Ce consensus international transforme aussi le cadrage juridique du dossier. Les autorités marocaines doivent s’attacher à traduire cette dynamique onusienne en chantier constitutionnel interne. Le statut d’autonomie projeté pour le Sahara s’inscrit dans la logique de la « régionalisation avancée » de 2011, consacrée notamment par l’article 1er et le Titre IX de la Constitution, qui font de la région un échelon politique doté de compétences propres.
Dans ce cadre, les juristes notent que la coexistence de deux dimensions : l’affirmation de la souveraineté territoriale et la perspective d’un statut d’autonomie pour la région du Sahara, oblige à intégrer formellement ce statut dans l’ordre juridique national. D’où la nécessité d’une révision constitutionnelle afin de donner au plan d’autonomie saharien un ancrage « clair et durable ».

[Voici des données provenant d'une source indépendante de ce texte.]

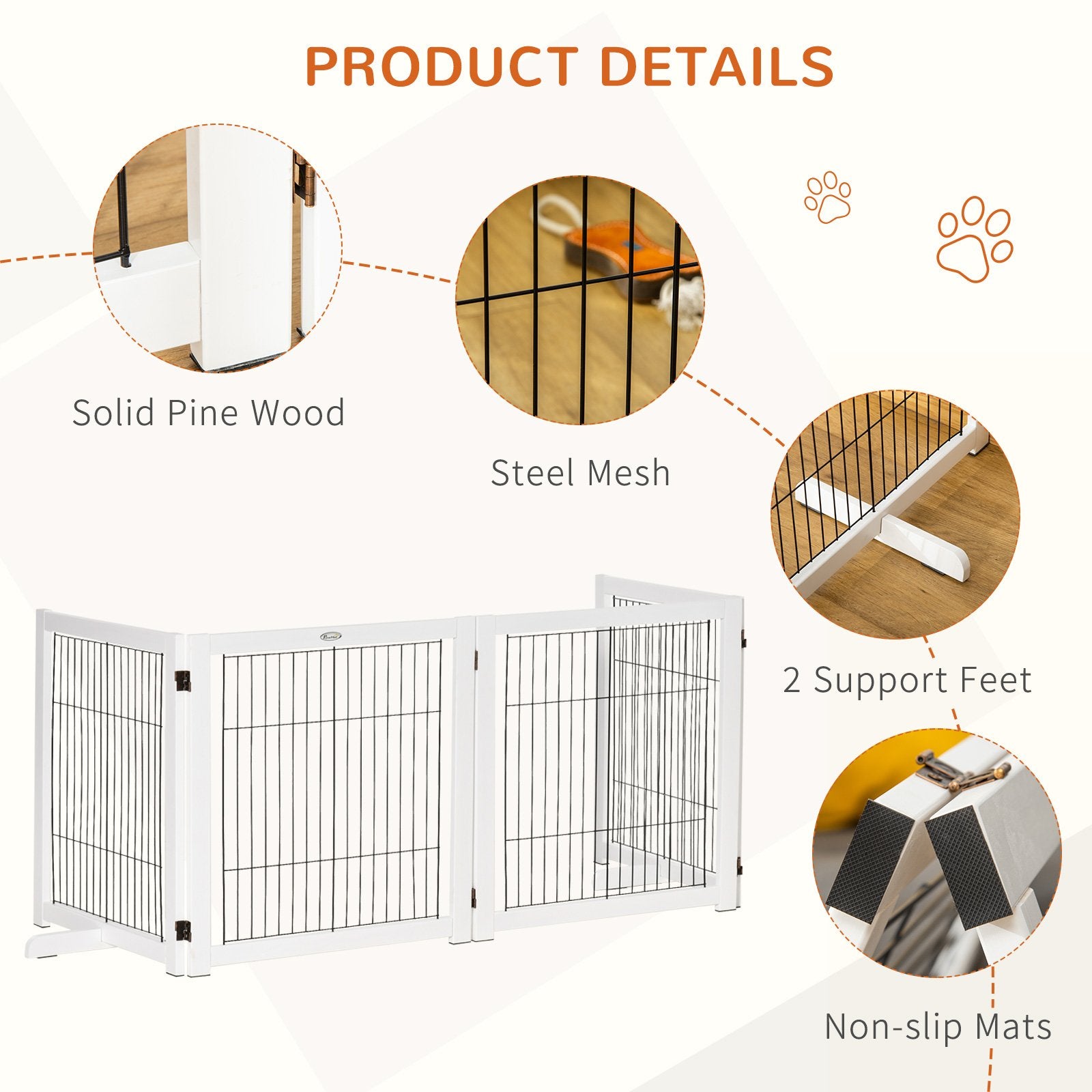 PawHut Freestanding Pet Gate 4 Panel Wooden Dog Barrier Foldable Safety Fence with Support Feet 264cm Long 77cm Tall for Doorway Stairs White - Baig Merchant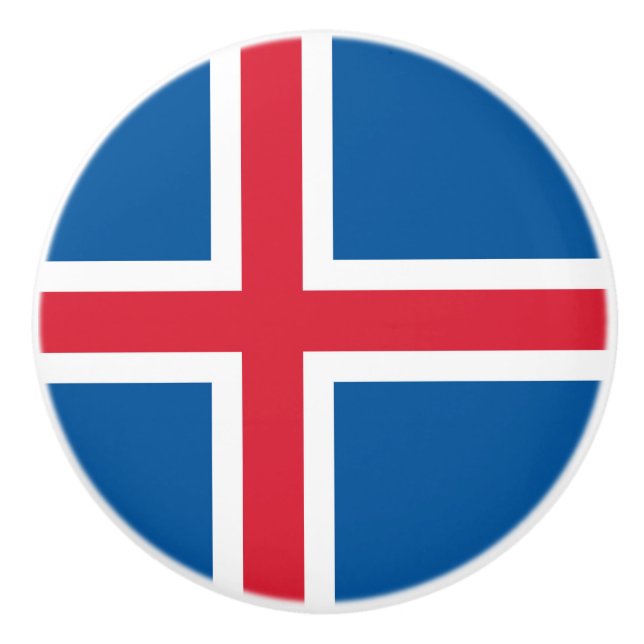 Ceramic knob pull with flag of Iceland (Front)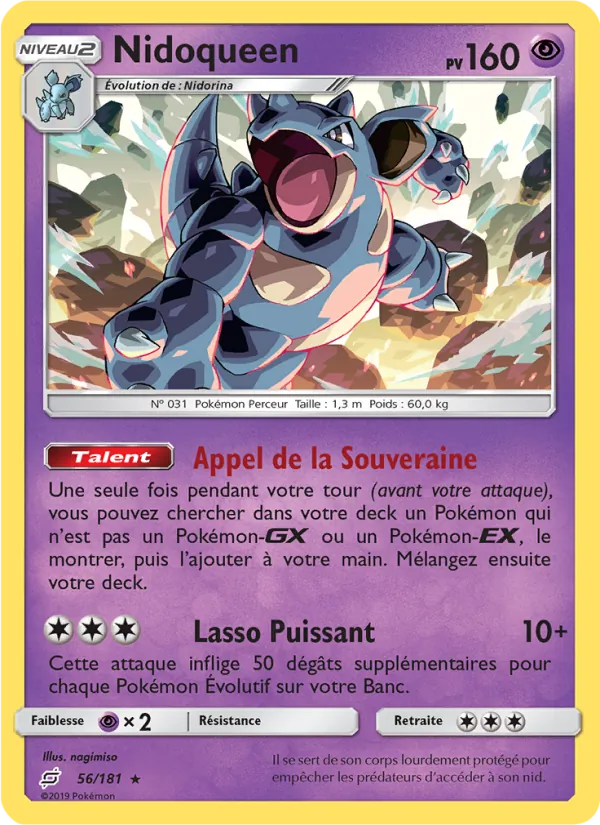 Carte Nidoqueen de l'extension Duo de Choc, numéro 56/181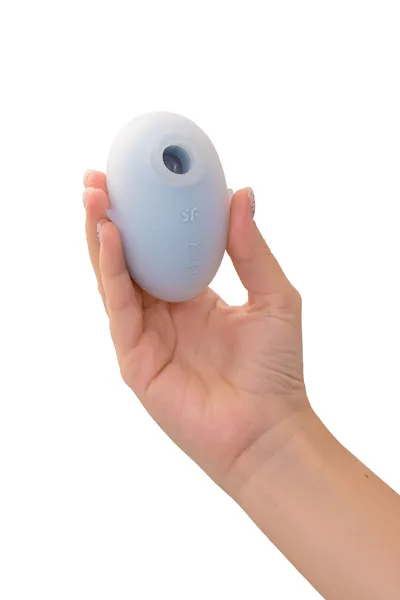 Vakuumski talasni stimulator klitorisa sa vibracijama Satisfier Cutie Ghost, silikon, cijan, 9,1 cm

L’idée n’est pas entièrement nouvelle : déjà dans l’offre marocaine de 2007, l’autonomie devait être consacrée au plus haut niveau constitutionnel et insérée dans l’architecture institutionnelle du Royaume. Le plan de 2007 avait esquissé pour les Provinces du Sud : de son Parlement local, de son budget propre et des ressources fiscales, tout en réservant à l’État central les domaines régalien (souveraineté, défense, diplomatie, monnaie, religion). Aujourd’hui, l’exercice consiste à passer de cette maquette initiale à un véritable « mode d’emploi » : préciser les institutions régionales, détailler la répartition des compétences et des ressources, en cohérence avec la régionalisation avancée et les normes constitutionnelles. Dans les mois à venir, ce chantier intérieur sera mené de pair avec le volet diplomatique, mettant le droit national au service du changement de paradigme opéré à l’ONU.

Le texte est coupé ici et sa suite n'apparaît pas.